Diego Hernández

Personal information
- Full name: Diego Manuel Hernández González
- Date of birth: 22 June 2000 (age 26)
- Place of birth: Montevideo, Uruguay
- Height: 1.75 m (5 ft 9 in)
- Positions: Attacking midfielder; winger;

Team information
- Current team: Sport Recife (on loan from Botafogo)
- Number: 20

Youth career
- Peñarol
- Montevideo Wanderers

Senior career*
- Years: Team / Apps / (Gls)
- 2020–2023: Montevideo Wanderers / 83 / (13)
- 2023–: Botafogo / 17 / (1)
- 2024: → León (loan) / 13 / (2)
- 2025: → Everton (loan) / 13 / (1)
- 2025–2026: → Remo (loan) / 21 / (4)
- 2026–: → Sport Recife (loan) / 0 / (0)

International career
- 2023: Uruguay U23 / 3 / (0)

= Diego Hernández (Uruguayan footballer) =

Uruguayan footballer (born 2000)

Diego Manuel Hernández González (born 22 June 2000) is a Uruguayan professional footballer who plays as an attacking midfielder or left winger for Sport Recife on loan from Botafogo.

==Club career==
Hernández is a former youth academy player of Peñarol. After being released by the club in December 2018, he moved to Montevideo Wanderers. He made his professional debut for Wanderers on 12 September 2020 in a 2–1 league defeat against Plaza Colonia.

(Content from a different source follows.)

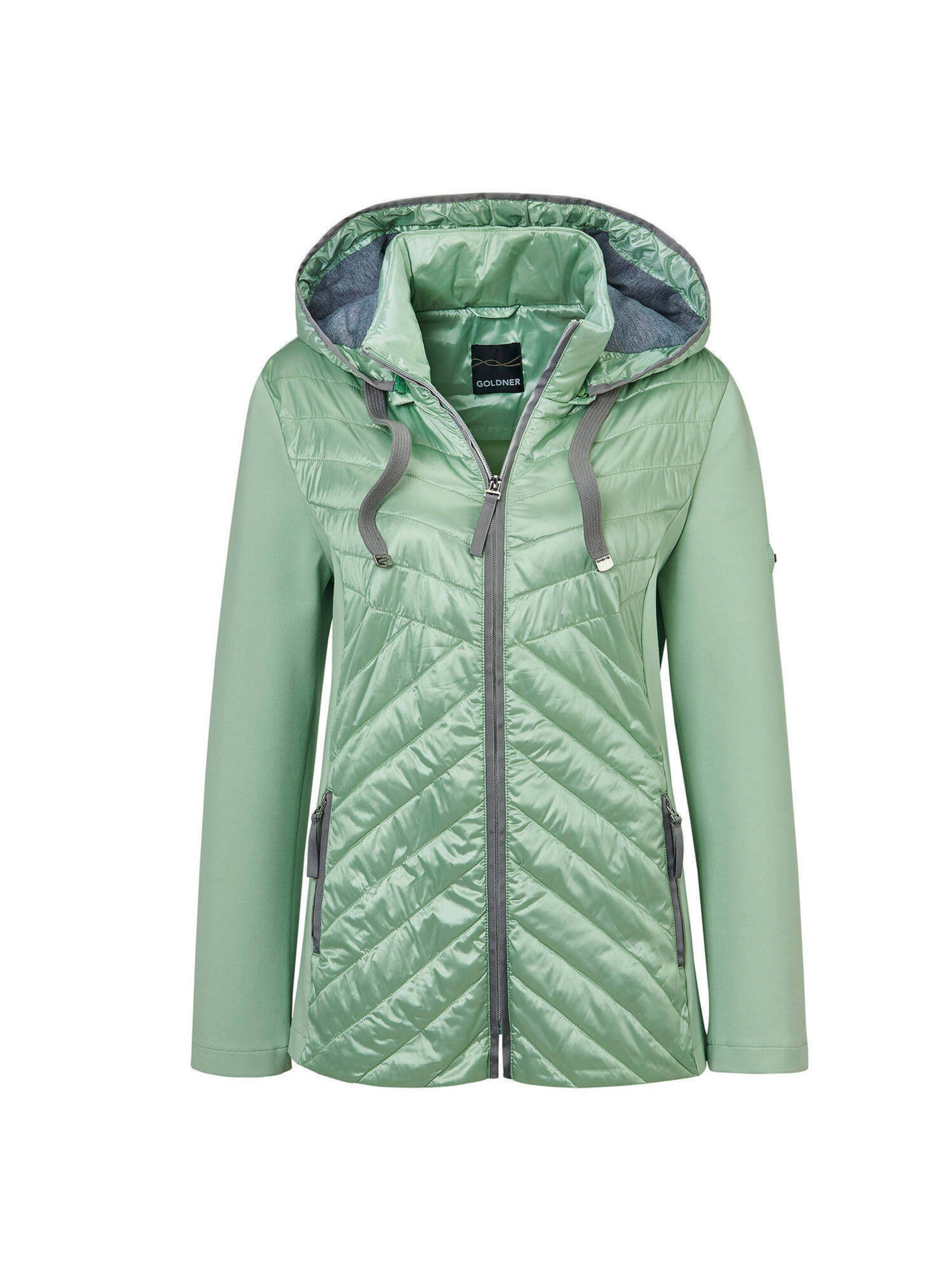 Goldner Tussenjas in Groen: voorkant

In 2023, Hernández signed a 3-year-deal with Botafogo. In a survey carried out in 2024, Diego Hernández, signed for US$2.5 million, appeared among Botafogo's most expensive signings, in fourth place.

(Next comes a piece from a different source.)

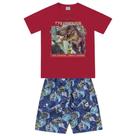 Conjunto Infantil Menino Tropical Vermelho Conjunto Infantil Menino Tropical Vermelho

In July 2024, he was loaned out to Mexican club León. In January 2025, he switched to Chilean club Everton de Viña del Mar.

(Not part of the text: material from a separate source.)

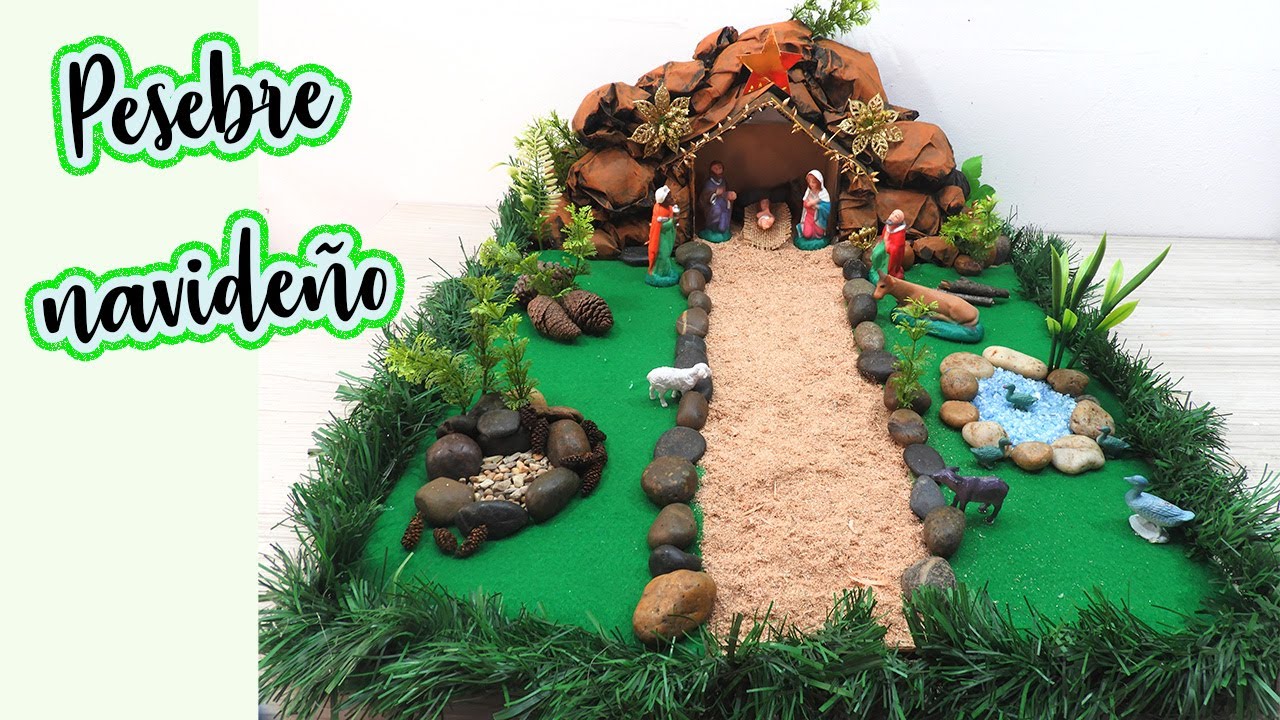 HERMOSO PESEBRE NAVIDEÑO / Nacimiento de Jesús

In July 2025, on loan from Botafogo, he was announced as a new reinforcement for Clube do Remo to compete in Series B of the Brazilian Championship.

==International career==
On 20 March 2023, Hernández received his first call-up to the Uruguay national team as a replacement for the injured Giorgian de Arrascaeta. On 28 September 2023, he was named in Uruguay's squad for the 2023 Pan American Games.